==== Dataset extract
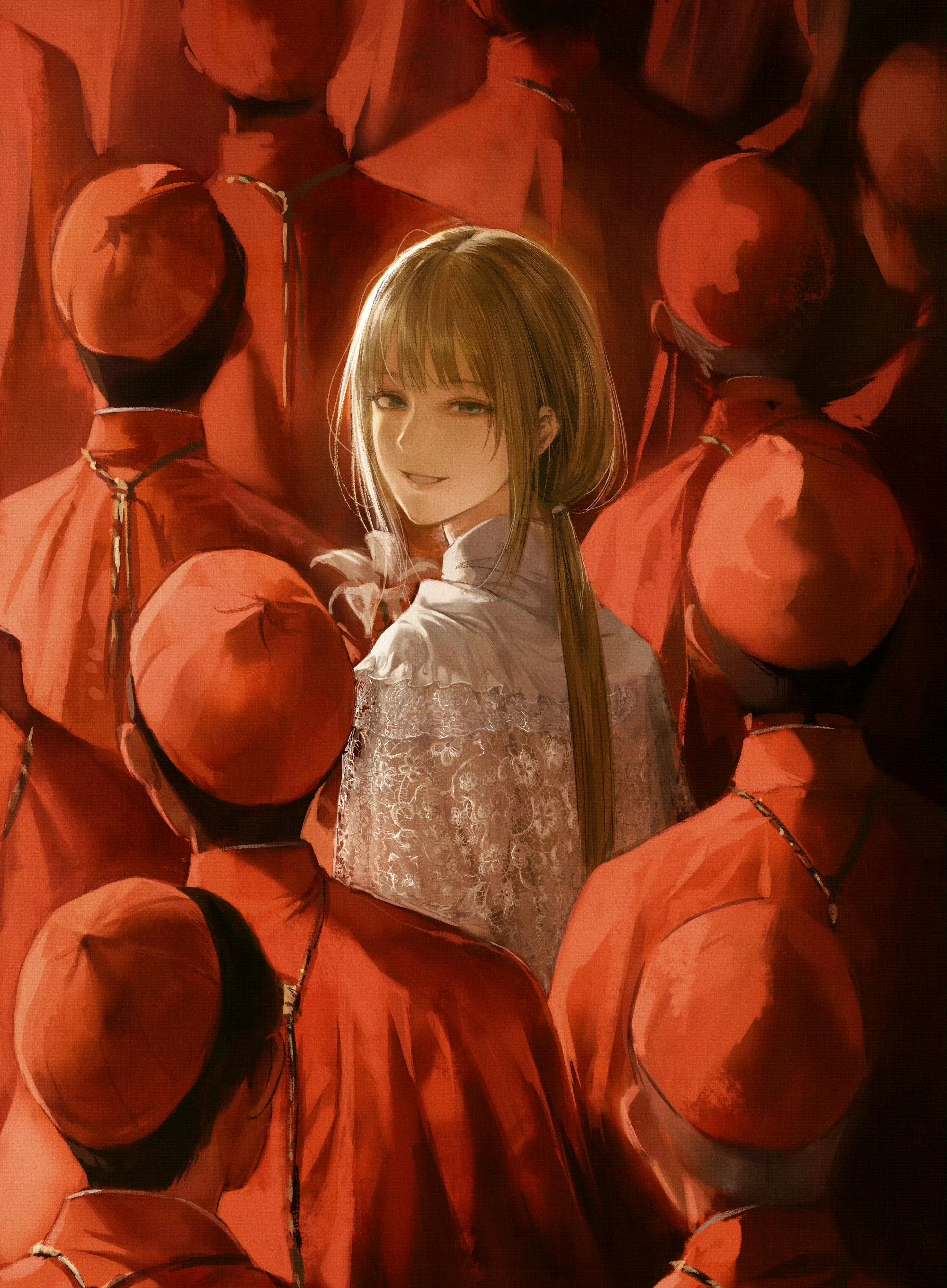 其作品人物多为美型,肌肉紧实但带有消瘦感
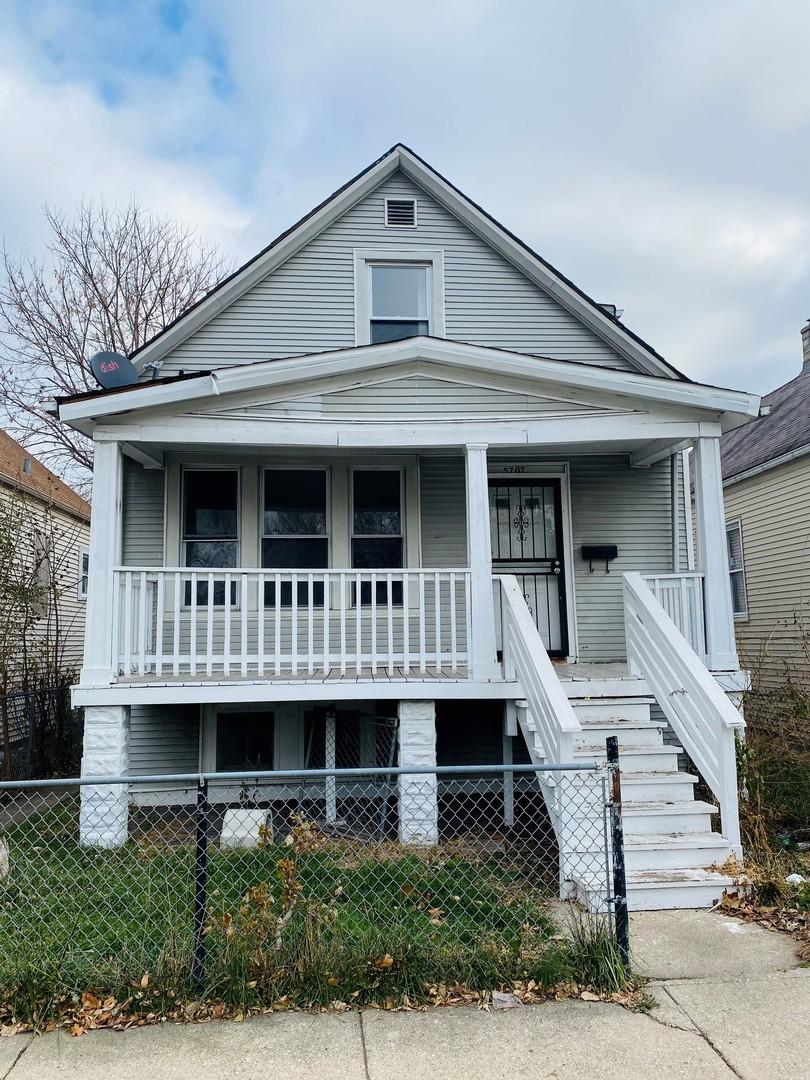 S Hoyne Ave, Chicago, IL 60636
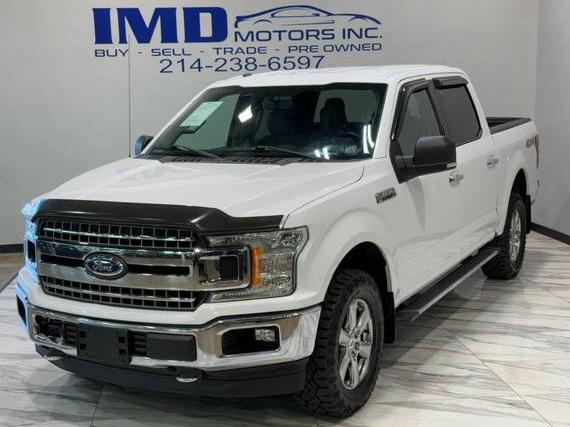 FORD F-150 2018 1FTEW1E58JFB82723 image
========
● **About this exercise**: Copy all of the data word for word, and keep the pictures out of it.

● **Response below**:
 其作品人物多为美型,肌肉紧实但带有消瘦感
 S Hoyne Ave, Chicago, IL 60636
 FORD F-150 2018 1FTEW1E58JFB82723 image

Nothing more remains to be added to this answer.